One bullet journal weekly layout has fewer pages than one monthly spread. However, that doesn’t necessarily indicate that you have fewer things to manage!
Instead, it’s important to figure out how to manage the elements in your weekly layout so they have a purpose.
After lots of toying and experimenting, not to mention research, I’ve noticed most weekly layouts include many of the seven different types of elements:
- Weekly Calendar
- Weekly Trackers/Collections
- To Do List
- Notes Section
- Daily Sections
- Next Week Overview
- Best of Week/Worst of Week log
Why these elements in particular? These elements of the weekly spread make it easy to write detailed information about your week.

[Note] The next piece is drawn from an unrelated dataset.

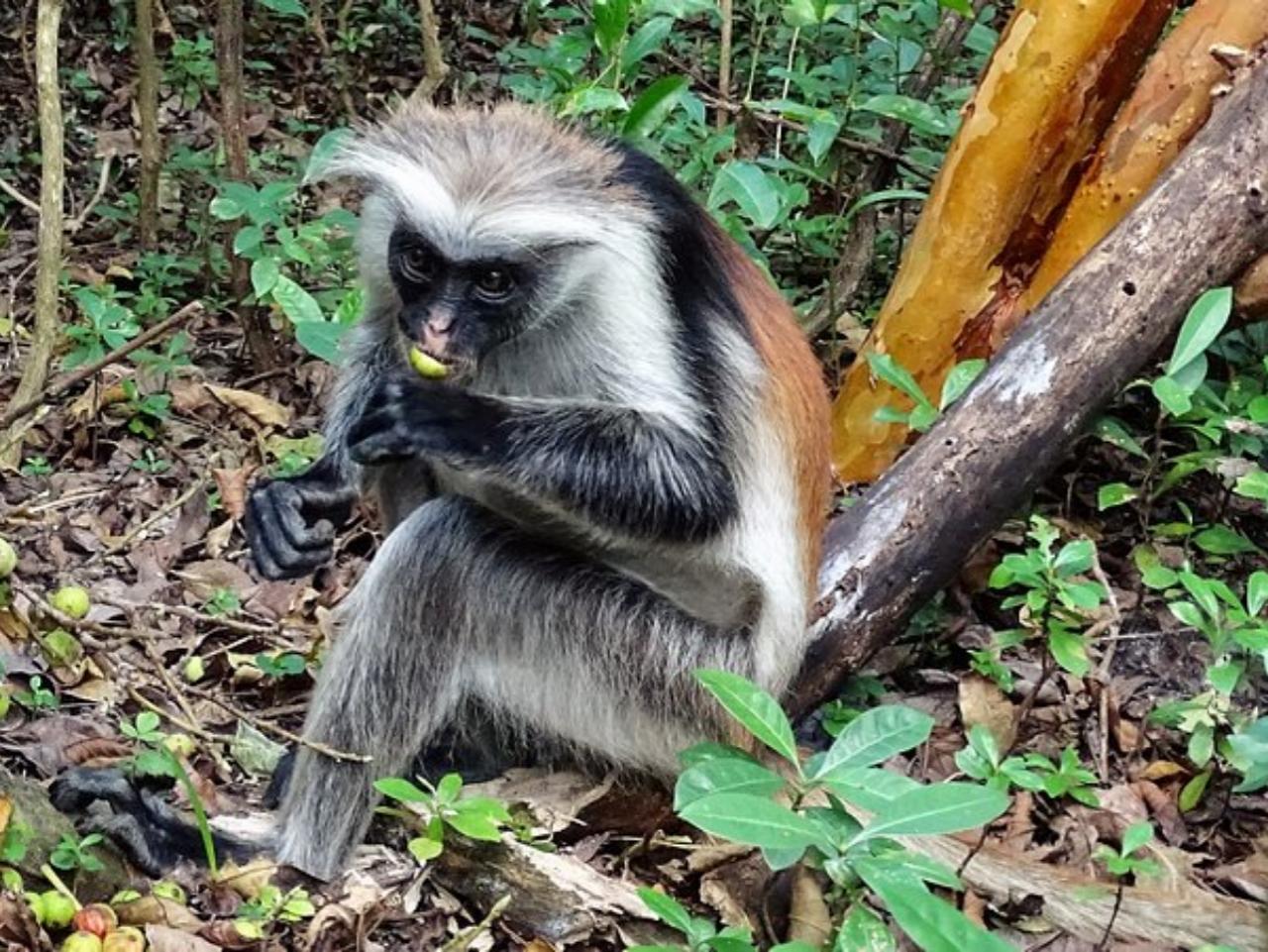 Zanzibar: Jozani Forest, Butterfly Centre & Rock Restaurant Day Tour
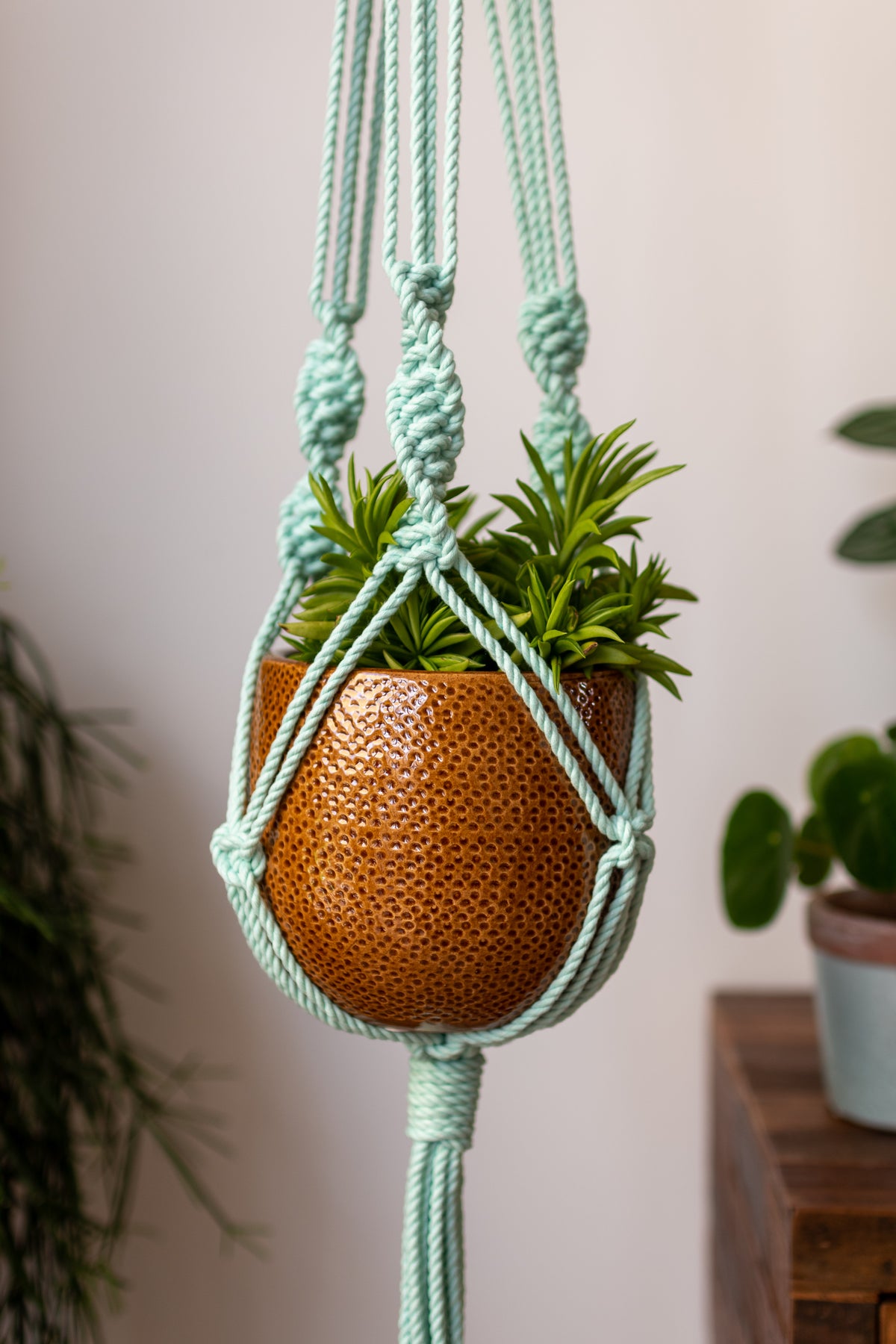 Knotted Macrame Plant Hanger - 40&quot; (100cm) in Length by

With some creative management, you can tie all seven of these elements in two pages. That means you get the details you need and fewer pages to manage it all. Win!
Bullet Journal Supplies for the Perfect Weekly Layout
I hope if you’re at the weekly spread by, you already have your notebook and pen.
If you don’t, here are some simple recommendations:
- Scribbles that Matter A5 Dot-Grid Notebook
- Leuchtturm1917 A5 Dot-Grid Notebook
- Sakura Pigma Micron Pens
- Staedtler Fineliners
And if you prefer to go all out with your art, you’ll probably also enjoy these particular tools as well:
- Tombow Dual Brush Pens
- Tombow TwinTone Markers
- Zebra Mildliners
- Washi Tape
- Prismacolor Colored Pencils
You may want some stencils and rulers for drawing outlines:
You may want some tools to help build rough drafts of your spreads before drawing them with a pen:
Last, you may want a few tools on hand to fix any mistakes you may make in your bullet journal weekly layout:
If you have what you need to continue, then you are ready to begin.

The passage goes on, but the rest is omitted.